A new report on geographical inequalities in the UK from the Institute for Fiscal Studies (IFS) underlines yet again the flimsy thinking behind the government’s “levelling up” big talk. New output from the revered researchers looks at patterns of wealth and income across the UK and how they have changed during this century. Lo and behold, the picture they paint bears only limited resemblance to populist rhetoric about a problematic “rich London” and a so-called “north-south divide”.
The report’s authors, Sarthak Agrawal and David Phillips, explore a range of data, measuring inequalities across the country in different ways. Taking London as a whole, they find, for example, that although economic productivity and earnings are “a third to half higher than the UK average”, median household incomes after housing costs (AHC) are taken into account are only one per cent higher.
Another regional comparison shows that AHC income inequality between London and rest of the UK has actually lessened since 2002: by that measure, median household income in London has gone up by six per cent in that time compared with 13 per cent in the rest of the UK – a pattern the researchers says “is evident both before and after” the recession that hit in 2007/8.

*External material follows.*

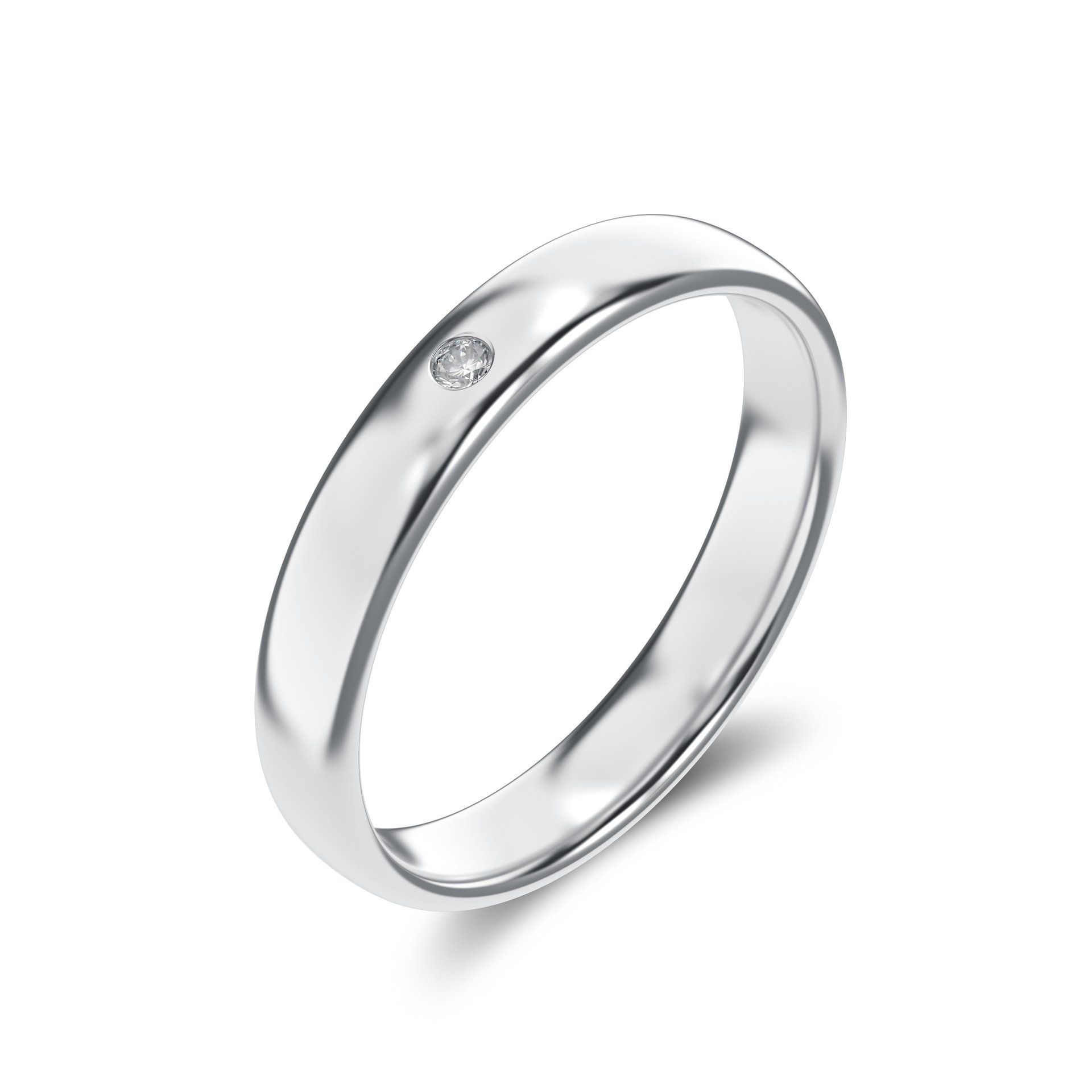 White Gold, single stone wedding band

Again, it’s housing costs that have made the big difference. A greater proportion of Londoners rent their homes than counterparts elsewhere do, and rising rent levels have claimed a relatively bigger slice of their incomes. Also, the soaring cost of buying a home has meant that Londoners have had to take out bigger mortgages. A flip side of that, of course, is that the high value of London property has meant regional inequalities in terms of wealth – as distinct from incomes – have, on the whole, widened.
But, of course, far from every Londoner is a home owner, and only some of those who are don’t have a mortgage. Which brings us to inequalities within regions of the UK, rather than between them. The IFS researchers alert us to the great significance of what it calls these “local inequalities” across the country. These are “even larger than inequalities between regions,” they write, and “especially in London and the South East”.
A vivid example is provided by the difference between median full-time earnings in the London borough of Kensington & Chelsea and the rest of the country and that between the London borough of Barking & Dagenham and the rest of the country: in the case of the former, they are 53 per cent higher than the UK average; in the case of the latter, they are three per cent lower. And, as the IFS has shown us before, London’s poverty rates are shocking: measured AHC, 28 per cent of us live in poverty compared with 22 per cent across the UK as a whole.
The above are just the headline findings from a report that runs to over 30 pages and sets out the many factors the government should take into account as it “seeks to turn ‘levelling up’ from a soundbite into actionable policy”. We wait with bated breath.